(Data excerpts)
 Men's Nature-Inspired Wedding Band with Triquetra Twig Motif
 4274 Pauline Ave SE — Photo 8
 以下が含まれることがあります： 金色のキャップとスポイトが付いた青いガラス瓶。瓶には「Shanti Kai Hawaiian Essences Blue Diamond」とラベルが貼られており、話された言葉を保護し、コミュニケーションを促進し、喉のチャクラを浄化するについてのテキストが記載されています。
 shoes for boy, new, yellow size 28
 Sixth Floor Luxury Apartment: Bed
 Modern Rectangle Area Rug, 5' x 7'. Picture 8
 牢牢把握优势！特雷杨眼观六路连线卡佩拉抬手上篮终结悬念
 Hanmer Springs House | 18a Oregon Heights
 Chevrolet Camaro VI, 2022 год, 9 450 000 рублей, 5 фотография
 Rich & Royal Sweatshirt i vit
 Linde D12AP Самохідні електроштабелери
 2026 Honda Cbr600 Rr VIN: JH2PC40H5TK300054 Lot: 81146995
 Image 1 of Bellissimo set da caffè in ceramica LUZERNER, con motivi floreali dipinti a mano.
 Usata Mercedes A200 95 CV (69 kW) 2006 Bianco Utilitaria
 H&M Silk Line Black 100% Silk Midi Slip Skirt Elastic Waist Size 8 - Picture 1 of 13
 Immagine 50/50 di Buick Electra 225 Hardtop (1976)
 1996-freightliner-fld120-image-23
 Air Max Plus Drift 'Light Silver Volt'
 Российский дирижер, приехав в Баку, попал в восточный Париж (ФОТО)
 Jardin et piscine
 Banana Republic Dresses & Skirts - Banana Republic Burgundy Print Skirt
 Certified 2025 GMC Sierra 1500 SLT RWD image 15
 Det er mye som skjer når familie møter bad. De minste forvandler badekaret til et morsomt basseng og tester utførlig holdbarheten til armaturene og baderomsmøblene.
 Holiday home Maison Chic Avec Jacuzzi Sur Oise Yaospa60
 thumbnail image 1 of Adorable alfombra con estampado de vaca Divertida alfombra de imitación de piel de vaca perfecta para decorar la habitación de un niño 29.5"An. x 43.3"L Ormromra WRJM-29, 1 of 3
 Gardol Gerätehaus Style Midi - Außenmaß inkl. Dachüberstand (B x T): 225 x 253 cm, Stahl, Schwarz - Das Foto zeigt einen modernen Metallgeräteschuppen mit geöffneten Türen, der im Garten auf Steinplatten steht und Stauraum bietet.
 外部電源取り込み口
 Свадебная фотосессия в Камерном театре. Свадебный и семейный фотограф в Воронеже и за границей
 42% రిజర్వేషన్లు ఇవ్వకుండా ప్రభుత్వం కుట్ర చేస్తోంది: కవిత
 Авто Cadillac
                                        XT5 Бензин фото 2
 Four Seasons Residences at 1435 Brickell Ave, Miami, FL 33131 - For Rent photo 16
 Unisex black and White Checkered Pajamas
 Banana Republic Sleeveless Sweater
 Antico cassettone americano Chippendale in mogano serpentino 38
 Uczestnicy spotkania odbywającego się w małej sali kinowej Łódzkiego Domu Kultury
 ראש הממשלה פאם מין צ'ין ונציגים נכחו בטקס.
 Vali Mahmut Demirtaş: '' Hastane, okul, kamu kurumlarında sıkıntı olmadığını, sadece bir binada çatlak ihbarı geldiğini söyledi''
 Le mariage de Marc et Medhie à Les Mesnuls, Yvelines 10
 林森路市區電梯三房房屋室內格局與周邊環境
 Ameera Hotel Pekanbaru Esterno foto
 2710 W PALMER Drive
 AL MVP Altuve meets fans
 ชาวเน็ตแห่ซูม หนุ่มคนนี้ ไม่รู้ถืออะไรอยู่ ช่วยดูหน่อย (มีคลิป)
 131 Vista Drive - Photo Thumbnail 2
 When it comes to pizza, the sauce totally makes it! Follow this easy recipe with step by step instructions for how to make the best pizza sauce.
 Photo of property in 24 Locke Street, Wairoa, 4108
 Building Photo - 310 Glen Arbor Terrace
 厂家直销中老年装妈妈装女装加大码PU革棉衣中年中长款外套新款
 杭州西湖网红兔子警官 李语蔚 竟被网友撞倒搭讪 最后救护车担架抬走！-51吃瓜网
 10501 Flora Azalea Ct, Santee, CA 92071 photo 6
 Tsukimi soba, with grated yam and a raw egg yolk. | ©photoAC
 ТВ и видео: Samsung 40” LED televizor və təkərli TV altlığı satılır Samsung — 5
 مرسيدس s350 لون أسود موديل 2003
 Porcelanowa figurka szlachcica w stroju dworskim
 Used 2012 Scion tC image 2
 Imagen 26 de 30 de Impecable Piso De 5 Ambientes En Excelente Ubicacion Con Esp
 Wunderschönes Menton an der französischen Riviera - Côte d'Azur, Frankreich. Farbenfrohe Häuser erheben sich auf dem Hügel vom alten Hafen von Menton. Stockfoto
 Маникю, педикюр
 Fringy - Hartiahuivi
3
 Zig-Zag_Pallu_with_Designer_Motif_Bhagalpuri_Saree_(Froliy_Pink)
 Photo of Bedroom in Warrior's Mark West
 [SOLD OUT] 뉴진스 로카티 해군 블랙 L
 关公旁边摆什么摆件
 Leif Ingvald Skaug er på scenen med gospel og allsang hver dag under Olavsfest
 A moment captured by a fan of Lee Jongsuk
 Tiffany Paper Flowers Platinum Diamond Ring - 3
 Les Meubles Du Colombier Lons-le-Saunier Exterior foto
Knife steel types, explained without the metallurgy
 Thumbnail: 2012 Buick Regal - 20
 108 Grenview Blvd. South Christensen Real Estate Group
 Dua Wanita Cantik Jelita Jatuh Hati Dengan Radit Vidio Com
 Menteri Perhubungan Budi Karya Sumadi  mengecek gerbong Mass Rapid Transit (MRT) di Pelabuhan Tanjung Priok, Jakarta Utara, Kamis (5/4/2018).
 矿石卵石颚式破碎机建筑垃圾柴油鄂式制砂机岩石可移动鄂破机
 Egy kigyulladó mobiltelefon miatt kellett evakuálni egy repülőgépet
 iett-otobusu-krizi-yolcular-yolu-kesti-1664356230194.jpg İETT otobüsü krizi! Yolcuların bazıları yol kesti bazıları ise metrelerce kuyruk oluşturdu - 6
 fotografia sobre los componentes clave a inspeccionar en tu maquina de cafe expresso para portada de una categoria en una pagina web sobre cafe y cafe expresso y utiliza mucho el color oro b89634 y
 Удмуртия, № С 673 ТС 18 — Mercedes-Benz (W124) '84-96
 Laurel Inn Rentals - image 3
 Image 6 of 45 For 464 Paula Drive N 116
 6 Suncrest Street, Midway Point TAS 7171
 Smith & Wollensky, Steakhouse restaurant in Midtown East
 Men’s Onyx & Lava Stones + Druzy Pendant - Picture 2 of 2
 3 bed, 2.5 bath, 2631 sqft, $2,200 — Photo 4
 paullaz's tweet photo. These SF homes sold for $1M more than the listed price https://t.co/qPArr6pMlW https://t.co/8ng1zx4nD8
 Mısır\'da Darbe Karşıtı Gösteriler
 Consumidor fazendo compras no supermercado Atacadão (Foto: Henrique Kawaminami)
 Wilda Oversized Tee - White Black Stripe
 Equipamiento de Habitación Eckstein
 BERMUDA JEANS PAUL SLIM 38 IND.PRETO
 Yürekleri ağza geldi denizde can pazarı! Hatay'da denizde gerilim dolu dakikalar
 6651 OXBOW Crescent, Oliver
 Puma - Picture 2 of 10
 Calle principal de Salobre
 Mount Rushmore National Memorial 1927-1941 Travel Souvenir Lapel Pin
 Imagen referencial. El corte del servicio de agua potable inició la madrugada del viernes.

**Exercise directions:**
In the records, which lines use the word "Buick"? Report them.

**Final answer:**
 Immagine 50/50 di Buick Electra 225 Hardtop (1976)
 Thumbnail: 2012 Buick Regal - 20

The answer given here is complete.